THE DOCUMENTARY STAMP TAX (DST) on OFW remittances has been scrapped with the passage of Republic Act 10022, which amended RA 8042 (the Migrant workers and Overseas Filipinos Act of 1995). To be sure, this will provide some relief for low-income OFWs, especially for construction workers and domestic helpers who constitute this sector’s majority.
On this, we congratulate ourselves and all our fellow OFWs. Migrante International and its chapters in the Middle East, Asia-Pacific, Europe and America, along with various Filipino organizations and individual OFWs around the world, were in the heart of the intensified campaign and mass actions initiated to scrap the DST. If not for our efforts, the law would not have been passed. Because of our efforts, many members of Congress realized that the DST was an additional burden on OFWs.

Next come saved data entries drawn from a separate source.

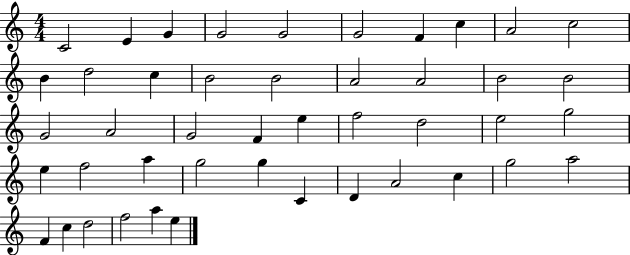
X:1
T:Untitled
M:4/4
L:1/4
K:C
C2 E G G2 G2 G2 F c A2 c2 B d2 c B2 B2 A2 A2 B2 B2 G2 A2 G2 F e f2 d2 e2 g2 e f2 a g2 g C D A2 c g2 a2 F c d2 f2 a e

However, although it removed the DST, RA 10022 is really anti-OFW. It has many provisions that go against the interests, rights and welfare of OFWs and their dependents.
Like RA 8042, the new law is anchored on government’s bias for exporting cheap Filipino labor. It allows government to further institutionalize and intensify its labor export program without guarantees that the OFWs’ interests, rights and welfare will be protected by the governments of host countries. RA 10022 also allows government to impose additional fees that will bleed OFWs dry of their earnings. It also absolves employers and recruiters from responsibility for the OFWs’ well-being, rights and welfare—a responsibility government had passed on to them through RA 8042. With RA 10022, government has totally abandoned its primary duty to protect the interests, rights and welfare of OFWs from exploitative recruitment agencies.
In short, RA 10022 is essentially not for migrant workers. Anchored on the neo-liberal policies of globalization, liberalization, privatization and deregulation, it prioritizes the interest of private businesses over that of the working people.
President Macapagal-Arroyo played safe by not signing the bill, opting instead to allow it to lapse into law, so that she would not be blamed. But many of the pro-Arroyo lawmakers voted for the passage of RA 10022.